After a full four month’s hiatus that saw them retreat into the shadows with no public exposition or update to the progress of Insane Decay of Mind: The Sound of Silence, the young Italian team of GoManga Interactive resurfaced earlier this month with news that their first-person indie horror escapade had ventured into Virtual Reality by means of a spin-off.
Called simply Insane Decay of Mind, this VR outing hurls players into a labyrinth of twisted, psychologically trying happenings that occur within protagonist Katherine Watson’s mind in between the events of Acts I and II of the main game’s saga.
As minds turned warped over three progressively difficult, procedurally generated stages, one must make use of interactive items, solve puzzles and avoid the Shadows — manifestations of the leading lady’s darkest nightmares — all in search of an escape route.
What’s more, besides having to be powered by the Oculus Rift DK2, Oculus Rift CV1, HTC Vive Pre or the HTC Vive alone, the spin-off is also playable as a standard Windows powered game making it an interesting means for followers to get their first full-fledged taste of the original tale in development.
Conceived late into 2014, Insane Decay of Mind: The Sound of Silence’s primary lore narrates the challengingly disturbing events that unfold after one Katherine Watson finds herself trapped within an old World War II era manor; A manor she soon begins to perceive as her School before a deranged assortment of forces haunt her through its nightmare ridden corridors.
Divided into three Acts, the game’s playable portion began to take form over the course of 2015 wherein it witnessed its First develop through a series of refinements and playable teasers. Post bringing this work-in-progress adventure to Higher Eclectic Ground in the month of October the same year, GoManga interactive had then proceeded to announce plans of a crowd-funding campaign that was to follow the Act’s completion.

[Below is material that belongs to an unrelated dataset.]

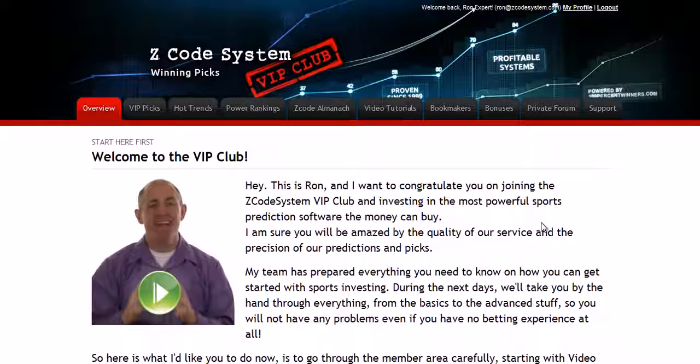I bet you've read a lot of great reviews about Z-Code and are wondering what's inside. How does this thing actually work and help you win money on sports? I am sure you will be amazed by the precision of Z-Code predictions and picks and the quality of the members area.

In keeping with the same, the game received its first full-fledged trailer with the onset of the New Year. Soon after though, all updates ceased as the team stated behind-the-scenes that they’d come in contact with Italian independent game production company IV Productions and its founder Ivan Ventauri.
Over the following weeks Ventauri pushed to have Merge Games Ltd. take notice of The Sound of Silence’s quirks, which eventually resulted in the British indie game publisher proposing to help release a VR based spin-off of the game.
‘We immediately accepted for the very reason that’s obvious for an independent team such as ours: it would be the best way of getting Insane Decay of Mind noticed,’ explains Lead Programmer Francesco Pio Squillante. ‘Furthermore, the way the game’s been programmed is just perfect for VR; it’s dark and creepy atmosphere, unpredictable events and deafening sounds, all combined with virtual reality would only help players better identify with Katherine’s plight much before the full game’s release.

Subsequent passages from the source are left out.